ACTIVITY: Quote exactly, and only, the lines of the material below from the line with "Der Tesla Semi" through the line with "Z-Floral Grid Bodycon".

TASK DATA:
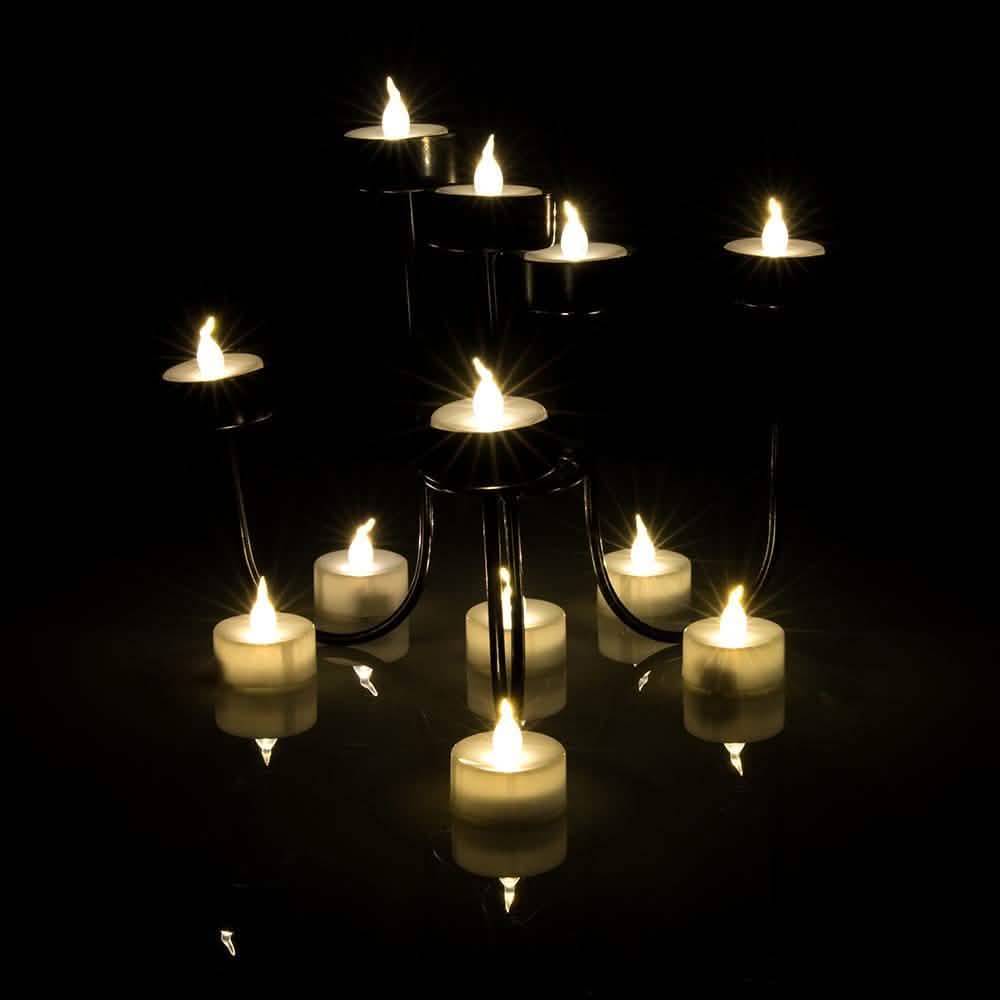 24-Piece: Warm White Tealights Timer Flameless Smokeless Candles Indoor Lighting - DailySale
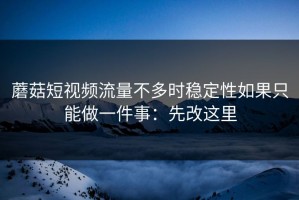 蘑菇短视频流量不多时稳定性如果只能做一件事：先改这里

--

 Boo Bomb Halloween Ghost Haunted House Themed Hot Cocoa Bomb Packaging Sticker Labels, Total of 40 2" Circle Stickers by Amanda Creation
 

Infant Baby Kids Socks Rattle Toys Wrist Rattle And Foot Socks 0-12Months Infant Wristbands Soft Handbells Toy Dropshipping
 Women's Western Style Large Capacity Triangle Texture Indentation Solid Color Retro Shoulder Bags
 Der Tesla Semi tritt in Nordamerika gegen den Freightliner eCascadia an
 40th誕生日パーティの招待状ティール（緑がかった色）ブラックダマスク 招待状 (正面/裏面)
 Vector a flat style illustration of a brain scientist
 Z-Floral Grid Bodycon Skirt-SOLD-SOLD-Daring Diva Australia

* * *

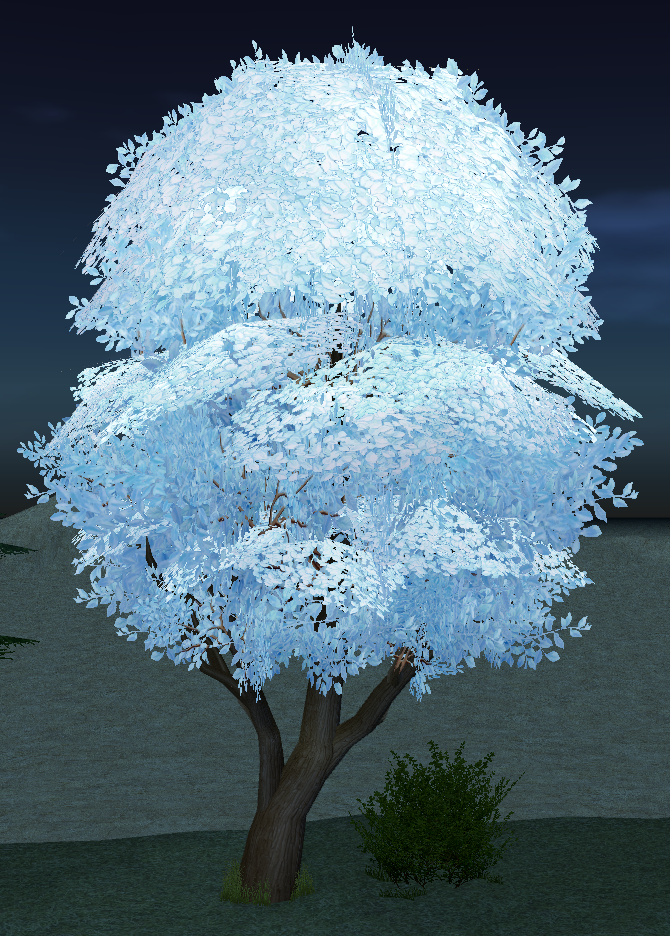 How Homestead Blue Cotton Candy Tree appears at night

RESPONSE:
 Der Tesla Semi tritt in Nordamerika gegen den Freightliner eCascadia an
 40th誕生日パーティの招待状ティール（緑がかった色）ブラックダマスク 招待状 (正面/裏面)
 Vector a flat style illustration of a brain scientist
 Z-Floral Grid Bodycon Skirt-SOLD-SOLD-Daring Diva Australia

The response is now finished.